> **Work required**: Please count the lines in these records that contain "Diamond" and give only that count.

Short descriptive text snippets
┌────────

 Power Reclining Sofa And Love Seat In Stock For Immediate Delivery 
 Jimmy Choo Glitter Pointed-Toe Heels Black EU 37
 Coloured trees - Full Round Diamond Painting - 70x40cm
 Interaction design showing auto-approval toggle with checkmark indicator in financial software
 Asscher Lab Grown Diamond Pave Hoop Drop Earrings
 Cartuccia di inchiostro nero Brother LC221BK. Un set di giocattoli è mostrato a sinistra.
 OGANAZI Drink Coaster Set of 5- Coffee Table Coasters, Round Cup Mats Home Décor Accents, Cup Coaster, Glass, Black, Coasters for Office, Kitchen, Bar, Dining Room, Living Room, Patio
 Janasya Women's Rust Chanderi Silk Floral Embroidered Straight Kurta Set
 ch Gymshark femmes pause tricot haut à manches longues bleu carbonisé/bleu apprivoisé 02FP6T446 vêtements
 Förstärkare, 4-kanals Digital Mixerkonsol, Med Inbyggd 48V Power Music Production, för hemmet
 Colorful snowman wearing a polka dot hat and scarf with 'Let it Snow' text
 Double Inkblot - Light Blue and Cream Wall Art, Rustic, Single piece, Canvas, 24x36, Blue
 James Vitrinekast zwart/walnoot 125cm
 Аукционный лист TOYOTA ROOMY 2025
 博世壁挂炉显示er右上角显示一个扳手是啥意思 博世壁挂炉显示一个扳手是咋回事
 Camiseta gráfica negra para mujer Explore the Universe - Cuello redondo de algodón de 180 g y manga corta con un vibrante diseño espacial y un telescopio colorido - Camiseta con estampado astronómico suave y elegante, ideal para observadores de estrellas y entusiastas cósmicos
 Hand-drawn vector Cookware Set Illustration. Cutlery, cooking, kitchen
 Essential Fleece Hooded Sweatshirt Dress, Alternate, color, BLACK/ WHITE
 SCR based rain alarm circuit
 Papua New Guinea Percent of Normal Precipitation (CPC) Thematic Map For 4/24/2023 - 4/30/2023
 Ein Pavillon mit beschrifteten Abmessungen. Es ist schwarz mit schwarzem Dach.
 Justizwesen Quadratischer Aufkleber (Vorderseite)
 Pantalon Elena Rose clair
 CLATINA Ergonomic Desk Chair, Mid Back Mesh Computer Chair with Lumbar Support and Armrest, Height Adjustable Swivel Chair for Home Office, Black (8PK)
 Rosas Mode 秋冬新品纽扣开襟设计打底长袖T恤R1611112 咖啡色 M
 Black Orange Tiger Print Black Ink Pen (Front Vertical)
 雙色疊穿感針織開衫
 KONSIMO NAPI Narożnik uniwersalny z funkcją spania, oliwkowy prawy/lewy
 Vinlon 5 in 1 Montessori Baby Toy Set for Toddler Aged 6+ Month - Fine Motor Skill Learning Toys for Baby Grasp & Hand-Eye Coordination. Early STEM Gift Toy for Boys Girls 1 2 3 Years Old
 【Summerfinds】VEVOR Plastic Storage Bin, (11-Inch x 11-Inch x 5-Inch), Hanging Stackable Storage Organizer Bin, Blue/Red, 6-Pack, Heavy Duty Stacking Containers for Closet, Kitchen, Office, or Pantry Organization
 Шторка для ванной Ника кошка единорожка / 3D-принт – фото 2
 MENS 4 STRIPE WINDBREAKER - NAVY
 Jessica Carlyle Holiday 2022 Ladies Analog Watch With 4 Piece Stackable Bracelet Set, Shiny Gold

└────────

> **Your solution**: 2